Perhaps you hear whispers that sound like:
The renewable energy cost declines we have experienced over the last decade will continue. The international community, as agreed to in Paris, will insist that the fossil fuel age must be over by mid-century. Natural gas is as bad for the environment as coal. Climate change is a real, human caused threat that will become a huge issue for people as severe storms, droughts, weird weather, and sea level rise become more prevalent. Conservatives will come to see that environmental stewardship and market based clean energy solutions are core principles. There will be bi-partisan support for a quick transition to renewable energy. There will be greater and greater demand to put a price on carbon. The public will be energized to move us away from fossil fuels and there will be greater and greater effort from individuals, businesses, local government, and faith communities to become more energy efficient, slowing the growth in electricity demand even more.
So before you make a decision in this case I challenge you to imagine the future. Close your eyes and visualize what it will be like 20 or 30 years from now. Which of these visions are most likely, the vision of the past returning or the vision of humanity being challenged to use all its productivity and innovative capacity to rid itself of fossil fuels?
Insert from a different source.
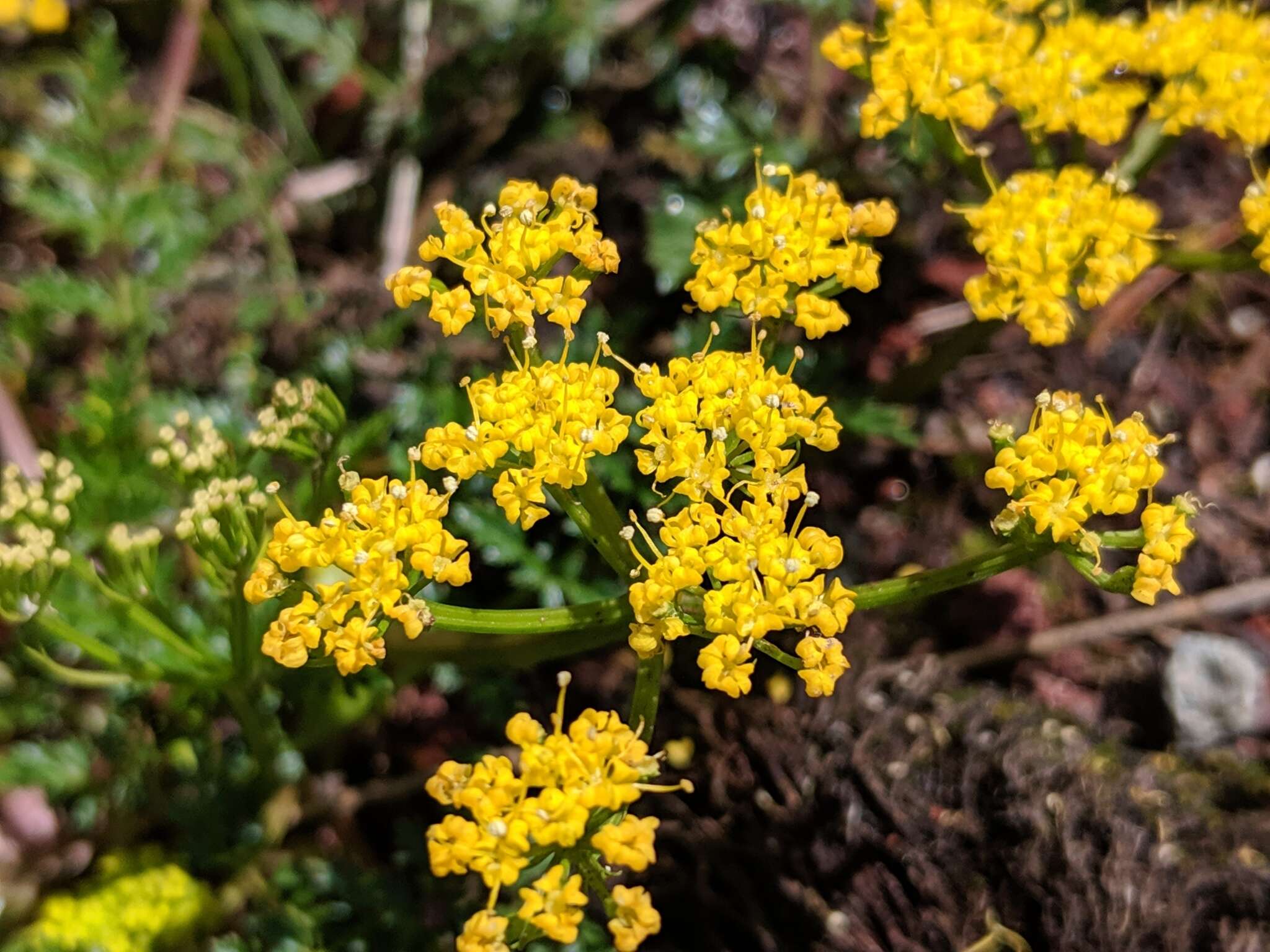 Lomatium hallii (S. Wats.) Coult. & Rose resmi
And I can tell you that if we are on the cusp of a major transition away from fossil fuels, then the future will not look kindly on overbuilding on this plant. Here’s what I think will happen in that case:
Carbon emissions will be priced to the extent that it will not be economic to run this plant. The short run marginal cost of running the plant will exceed the long run cost of wind and solar with storage. The plant will be effectively obsolete before it is many years into its expected useful life. It will become the energy equivalent of no stars from the past visiting the field of dreams.
So building anything more than the minimum required is just too risky. So if you think the status quo will hold, then adopt staff’s recommendations., but if you see a vision of monumental change, as I do, then please go further. Do what you can to keep Duke from overbuilding.
As staff recommends, please approve ending the use of coal at Lake Julian.
As staff recommends, please deny Duke’s request to approve the contingent CT.
As staff recommends, insist that Duke report annually on progress to reduce peak load growth and to site solar capacity.
But go further than staff and insist that Duke work with customers to develop a WNC-specific addendum to its biennial IRP. This IRP should include the preferred strategy to meet future WNC needs without the contingent CT, including peak load reductions, solar, and storage, along with wind and hydro power. And go further than staff and deny Duke’ request for 2 280 MW units. Tell them that you will only approve natural gas units that are no larger than the coal units they will replace.
Commissioners, please tell Duke to look to a future where fossil fuels will be phased out by mid-century, and ask them to plan accordingly.